THE RECORDS:
== Segment start ==

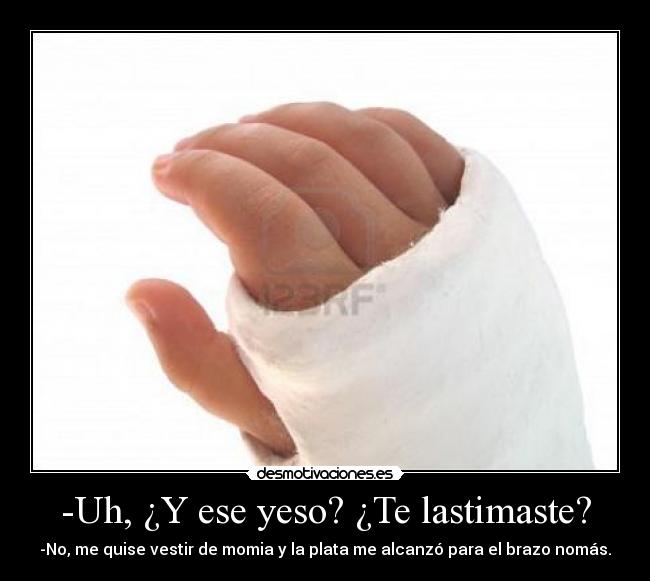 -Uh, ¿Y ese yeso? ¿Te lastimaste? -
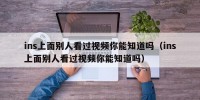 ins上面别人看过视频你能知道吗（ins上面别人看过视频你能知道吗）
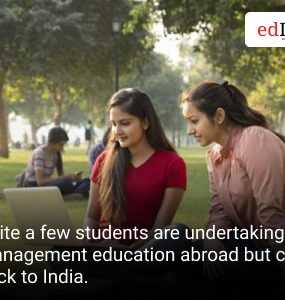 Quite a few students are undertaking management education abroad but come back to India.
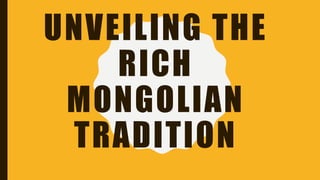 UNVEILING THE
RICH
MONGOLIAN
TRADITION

== Segment end ==
== Segment start ==

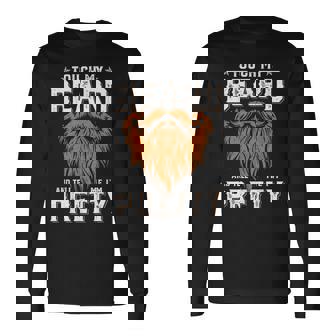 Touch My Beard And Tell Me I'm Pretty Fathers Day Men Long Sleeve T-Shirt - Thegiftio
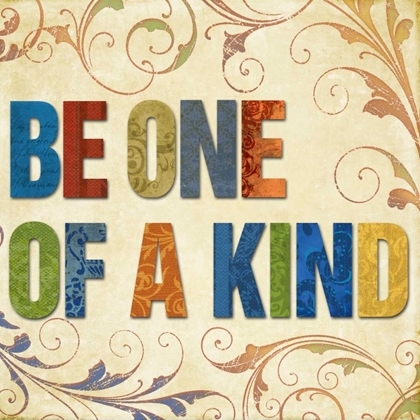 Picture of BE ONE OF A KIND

== Segment end ==

TASK TO COMPLETE: Everything above from the line with "Touch My Beard" through the line with "Picture of BE ONE OF A KIND" should be retyped exactly, and nothing else; omit pictures.

RESULT BELOW:
 Touch My Beard And Tell Me I'm Pretty Fathers Day Men Long Sleeve T-Shirt - Thegiftio
 Picture of BE ONE OF A KIND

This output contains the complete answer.